Resilience Concept

Lindenberg Software Backup can be set up for Resilience in order to improve availability of the backup service. As a consequence of the CAP theorem it is impossible to ensure the exact same data all the time in the presence of network outages (partitions). Thus it not the goal to ensure, that all backup servers share the same history of backups. This would require either having the client send data to all servers, or replication of backup data between servers, which due to the delays incurred would require complex logic to maintain backup trees instead of chains and also additional disk space up to the combined size of all chains. Moreover, in case of network partitions, consistency would be gone anyway. Therefore, in case a backup server or the corresponding network connection fails, any delta backup stored on that server is not accessible. Note that actual data loss only happens in case original and backups are lost, which is not very likely. Impact can also be reduced by scheduling frequent backups. For restore or other read operations, Janus may evolve into providing a consolidated view accross backup servers.

Resilience requires two (or more) backup servers plus a "Janus" service - named after the god Janus with two faces - configuration as shown below: Resilience Setup
Ideally, one backup server and one Janus server each are set up at two (or more) different locations - with different power supplies and different network connections. If only one network connection is shared between the backup servers, then setting up two Janus servers does not improve resilience with respect to network outages, but configuration of multiple backup servers also helps to protect against disk crashes or downtimes due to system maintenance.

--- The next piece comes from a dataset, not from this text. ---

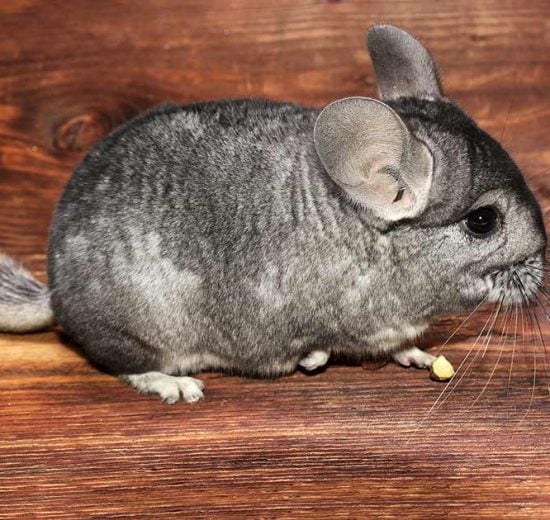 Forstoppelse Gnavere Chinchilla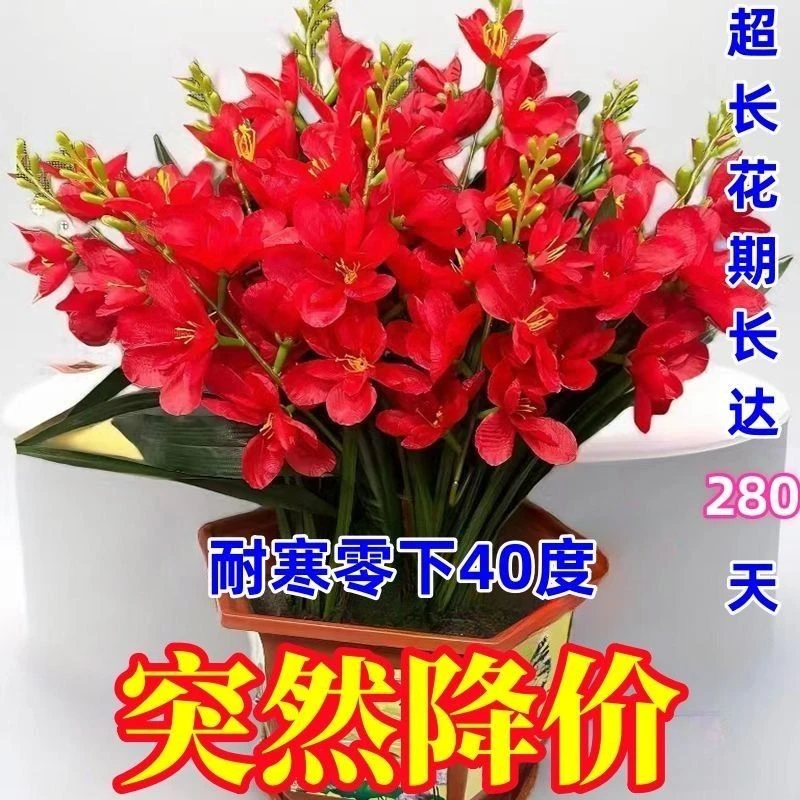 【首单直降】新品晚香玉球根驱蚊四季开花重瓣大花浓香型花卉盆栽好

The following diagram illustrates how Janus can alternate between backup servers while avoiding backup servers that are not available. Resilience Sequence
When starting a backup and as long as all backup servers are available, Janus will always refer to the backup server that was not used for backup the longest time. For any operation other than starting a backup, Janus will refer to the most recently used server. In both cases, if a backup server is not reachable, it will be skipped. Moreover, as described in Network Aspects and Wake-On-Lan, the client will first try the Url for LAN, then the Url for WAN, which also ensures two Janus servers can be used.

Notes:
  • if connectivity between the servers is broken, the decision of Janus can be based on outdated information. Therefore the availability check is essential as otherwise a server might be selected that is not available. However because of the availability check, Wake-On-Lan will in general be too slow to be used. Instead you can use scheduled wake-up times (e.g using Lights-Out)
  • the client remembers hash codes and USN information for all backup servers and all client disks and volumes involved. I In particular the hashes require roughly 1% (1/128) of the total disk capacity per server.
  • Backup server and Janus server can coexist on the same system, in fact in the same process.
  • Janus servers are not included with the standard Lindenberg Software Backup license.

Resilience Setup

The following components work together in that setup: Configuration is as described below. Note that the settings "Image Path", "Prefer VHDX", and "enforce separate folders by user" must be identical on all servers involved, whereas network ports may differ. Network shares as Image Path are not supported in resilience setup. Be sure to assign consistent directory authorizations, preferably using a group stored in Active Directory.

Configure Janus Servers

  1. Install Lindenberg Software Backup. If you are adding Janus to an existing backup server, turn off the service temporarily.
  2. Janus servers need the following settings which at present are only available via the registry:
    • ServerUrls (should have local backup server first)
    • JanusPort (https), different from server port
  3. Turn on Backup Service. This will also enable Windows Remote Management and Windows Event Collector on the Janus server. Windows Event Viewer will now show a Subscription "Lindenberg Software Backup Admin", likely without any computers yet.

Configure Backup Servers

  1. Install and configure as usual.
  2. Configure source initiated event collection as described in Setting up a source-initiated subscription where the event sources are in the same domain as the event collector computer. Note that you can run the "Group Policy Management" tool on any domain member with Remote Server Administration Tools installed. If you use a group policy, then you may want to restrict this policy to backup servers only (see e.g. How to apply a Group Policy Object to individual users or computer). If you don´t use group policy but a local policy, then you will have to repeat this step on all backup servers.
    For Subscription Manager add all your (planned) Janus servers using the following format: Server=http://janus.samba.lindenberg.one:5985/wsman/SubscriptionManager/WEC,Refresh=60.
  3. Don´t forget to run winrm qc -q and gpupdate /force on all backup servers.
Using Windows Event Viewer on the Janus servers you may want to check that backup servers subscribed. In case your Janus server is running on a Server Core installation, use wecutil gr "Lindenberg Software Backup Admin" on the command line instead.

Initial Backup

A special consideration is the initial backup. Without manual intervention, the client would in fact do two (or more) initial backups, one per backup server involved. Obviously this is not desirable depending on network speed. Instead the initial backup (or the most recent backup in case resilience is setup at a later point in time) and the hashes can be replicated (and merged if necessary) to the new backup server. In order to minimize the delay, it is possible to just replicate the hashes and create a "stub" virtual disk (as with local backup procedure) and then later replicate the remainder of the backup. TODO: tool support?